Sete unidades escolares da rede municipal de ensino já dispõem de Jardim Sensorial, um espaço criado e utilizado pela Secretaria Municipal de Educação, Ciência e Tecnologia (Seduct) como ferramenta pedagógica, para atendimento a crianças típicas e atípicas. O Jardim permite que os profissionais desenvolvam atividades voltadas à ciência, à educação ambiental e ao desenvolvimento sensorial das crianças, promovendo inclusão e educação ambiental de forma concreta e didática.

A Creche Escola Nair Menezes da Silva, Parque Imperial; Creche Escola Félix Miranda, Parque Guarus; Escola Professora Eunícia Ferreira da Silva, Parque Santa Rosa; Escola Instituto Profissional São José, Lapa; Ciep Maestro Villa Lobos, Fundão; Cidade da Criança Zilda Arns, Centro; e Creche Escola Municipal Gil Freitas Filho, em Donana, foram as primeiras contempladas. No entanto, a Seduct pretende continuar ampliando o projeto para outras unidades.

De acordo com a supervisora de Educação Ambiental da Seduct, Isis Vivório, o local proporciona aos alunos experiências educativas por meio do contato direto com plantas, aromas, cores e diferentes texturas.

“O Jardim proporciona o contato direto com a natureza, tem o caminho sensorial, para estimular o tato; diferentes flores e folhas, campinho de areia, árvores frutíferas para estimular o paladar, ofertamos livros do projeto Biblioteca em Casa, para estimular a leitura, entre outras ações. Hoje, não queremos apenas escolas com cimento e tijolo, mas também espaços verdes, naturalizados, pois já há comprovação de que eles estimulam e recuperam o que foi perdido na aprendizagem dos alunos”, destacou Ísis.

 

Ela explicou que, junto ao Jardim Sensorial, acontece o plantio de árvores nas unidades, em parceria com a Secretaria Municipal de Meio Ambiente, por meio do Centro de Educação Ambiental (CEA). A iniciativa tem como objetivo ampliar as áreas verdes nas escolas e contribuir para a formação de uma consciência ambiental desde a infância.

 

“O plantio coletivo já aconteceu em 11 escolas. A medida representa um momento de integração entre alunos, professores e comunidade escolar. Quando a escola planta e cuida de uma árvore, ela ensina muito mais do que conteúdo. Ensina responsabilidade, pertencimento e respeito à vida.

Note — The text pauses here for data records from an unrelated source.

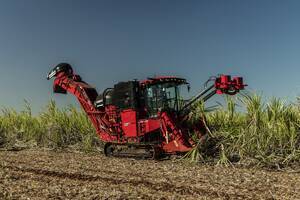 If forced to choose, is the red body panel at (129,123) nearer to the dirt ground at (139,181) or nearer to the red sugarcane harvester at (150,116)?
the red sugarcane harvester at (150,116)

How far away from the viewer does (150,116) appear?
677 inches

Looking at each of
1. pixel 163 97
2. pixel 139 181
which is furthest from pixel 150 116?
pixel 139 181

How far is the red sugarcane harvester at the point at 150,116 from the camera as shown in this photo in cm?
1611

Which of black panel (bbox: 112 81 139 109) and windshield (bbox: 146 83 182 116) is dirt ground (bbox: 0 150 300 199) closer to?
windshield (bbox: 146 83 182 116)

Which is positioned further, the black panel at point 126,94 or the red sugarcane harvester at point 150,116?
the black panel at point 126,94

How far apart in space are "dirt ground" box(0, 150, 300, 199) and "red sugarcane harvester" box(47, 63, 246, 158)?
4.30 ft

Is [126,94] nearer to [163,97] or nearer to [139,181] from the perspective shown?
[163,97]

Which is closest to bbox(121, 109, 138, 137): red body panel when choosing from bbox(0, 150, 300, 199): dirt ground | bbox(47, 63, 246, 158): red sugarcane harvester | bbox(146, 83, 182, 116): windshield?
bbox(47, 63, 246, 158): red sugarcane harvester

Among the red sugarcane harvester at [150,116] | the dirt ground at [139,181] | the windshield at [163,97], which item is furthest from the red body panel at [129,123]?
the dirt ground at [139,181]

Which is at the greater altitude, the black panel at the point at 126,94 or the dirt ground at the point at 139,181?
the black panel at the point at 126,94

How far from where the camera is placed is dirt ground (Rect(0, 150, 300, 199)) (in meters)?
9.62

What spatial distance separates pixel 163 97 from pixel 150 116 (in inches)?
36.6

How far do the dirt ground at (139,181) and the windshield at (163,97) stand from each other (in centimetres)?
230

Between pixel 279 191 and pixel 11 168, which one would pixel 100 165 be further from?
pixel 279 191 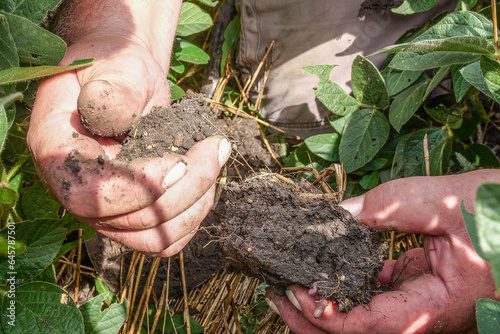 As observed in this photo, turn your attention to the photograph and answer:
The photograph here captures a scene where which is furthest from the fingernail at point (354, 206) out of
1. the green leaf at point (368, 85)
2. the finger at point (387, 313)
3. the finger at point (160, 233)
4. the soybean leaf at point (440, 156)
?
the green leaf at point (368, 85)

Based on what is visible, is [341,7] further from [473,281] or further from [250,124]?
[473,281]

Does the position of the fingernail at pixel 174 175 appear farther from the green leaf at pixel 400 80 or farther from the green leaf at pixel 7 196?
the green leaf at pixel 400 80

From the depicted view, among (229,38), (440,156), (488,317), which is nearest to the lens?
(488,317)

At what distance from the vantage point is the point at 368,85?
186cm

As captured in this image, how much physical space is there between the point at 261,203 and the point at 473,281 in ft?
2.44

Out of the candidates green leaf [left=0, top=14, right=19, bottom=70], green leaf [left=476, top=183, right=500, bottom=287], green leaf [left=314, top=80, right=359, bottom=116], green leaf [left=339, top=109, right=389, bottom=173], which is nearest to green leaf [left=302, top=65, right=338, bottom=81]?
green leaf [left=314, top=80, right=359, bottom=116]

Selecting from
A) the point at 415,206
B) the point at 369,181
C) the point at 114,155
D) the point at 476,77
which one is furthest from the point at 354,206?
the point at 114,155

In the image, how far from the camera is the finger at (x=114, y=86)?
111 centimetres

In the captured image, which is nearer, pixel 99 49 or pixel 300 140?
pixel 99 49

Nosso objetivo é que cada unidade escolar possa olhar para o seu território e compreender que cuidar do ambiente também faz parte do processo educativo”, completou a supervisora.

As iniciativas fazem parte de um conjunto de ações voltadas para a construção de uma cidade mais sustentável, fortalecendo a educação ambiental como ferramenta de transformação social e de cuidado com o futuro das novas gerações.

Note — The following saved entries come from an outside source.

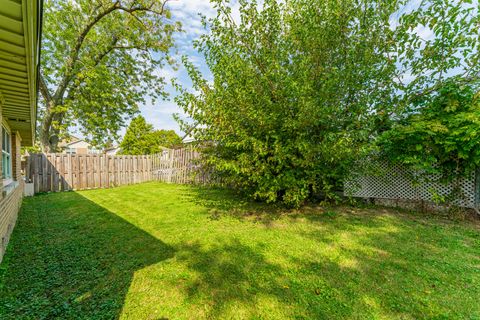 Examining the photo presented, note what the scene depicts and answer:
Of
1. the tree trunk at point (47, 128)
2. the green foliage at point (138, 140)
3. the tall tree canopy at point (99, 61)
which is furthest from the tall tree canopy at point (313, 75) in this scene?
the green foliage at point (138, 140)

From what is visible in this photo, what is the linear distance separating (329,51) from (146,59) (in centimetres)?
1226

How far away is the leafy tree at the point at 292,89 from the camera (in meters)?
4.41

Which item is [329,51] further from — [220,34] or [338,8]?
[220,34]

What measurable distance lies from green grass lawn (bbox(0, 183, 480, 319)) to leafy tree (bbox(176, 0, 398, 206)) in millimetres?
1299

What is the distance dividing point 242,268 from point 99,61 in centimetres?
1415

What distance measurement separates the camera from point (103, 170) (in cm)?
1026

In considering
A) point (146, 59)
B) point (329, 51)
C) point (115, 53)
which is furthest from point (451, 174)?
point (115, 53)

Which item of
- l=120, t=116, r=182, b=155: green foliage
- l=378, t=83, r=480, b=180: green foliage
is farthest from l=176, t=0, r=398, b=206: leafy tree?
l=120, t=116, r=182, b=155: green foliage

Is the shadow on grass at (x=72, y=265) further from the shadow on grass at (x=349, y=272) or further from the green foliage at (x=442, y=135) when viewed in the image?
the green foliage at (x=442, y=135)

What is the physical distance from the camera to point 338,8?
15.3 ft

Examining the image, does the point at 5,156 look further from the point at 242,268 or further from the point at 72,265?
the point at 242,268

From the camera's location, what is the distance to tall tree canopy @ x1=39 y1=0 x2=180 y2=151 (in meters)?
10.5

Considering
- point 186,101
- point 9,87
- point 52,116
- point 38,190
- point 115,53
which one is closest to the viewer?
point 9,87

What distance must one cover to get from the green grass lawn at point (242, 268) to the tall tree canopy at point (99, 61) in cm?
894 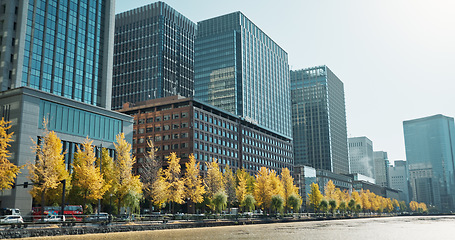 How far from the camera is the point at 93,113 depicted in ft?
299

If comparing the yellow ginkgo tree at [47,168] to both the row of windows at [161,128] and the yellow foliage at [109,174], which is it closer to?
the yellow foliage at [109,174]

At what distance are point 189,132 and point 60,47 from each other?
1698 inches

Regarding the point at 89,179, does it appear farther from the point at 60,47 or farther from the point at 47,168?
the point at 60,47

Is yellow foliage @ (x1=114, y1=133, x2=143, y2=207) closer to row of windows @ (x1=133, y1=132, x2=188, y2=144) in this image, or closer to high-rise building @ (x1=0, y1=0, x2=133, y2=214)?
high-rise building @ (x1=0, y1=0, x2=133, y2=214)

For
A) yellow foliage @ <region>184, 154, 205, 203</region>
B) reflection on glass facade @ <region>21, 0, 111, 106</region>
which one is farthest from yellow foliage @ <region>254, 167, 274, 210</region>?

A diretora da Escola Professora Eunícia Ferreira da Silva, Danielle Pelicioni, aprovou o projeto. “O jardim sensorial é um espaço planejado para estimular os sentidos por meio do contato com a natureza. É um importante recurso educativo, pois permite que as crianças aprendam de forma mais concreta, explorando texturas, cores, cheiros e sons presentes nas plantas e nos elementos naturais. Ele também auxilia na regulação das emoções, melhora a concentração e contribui para o desenvolvimento da comunicação, da coordenação motora e da interação social”, disse Danielle.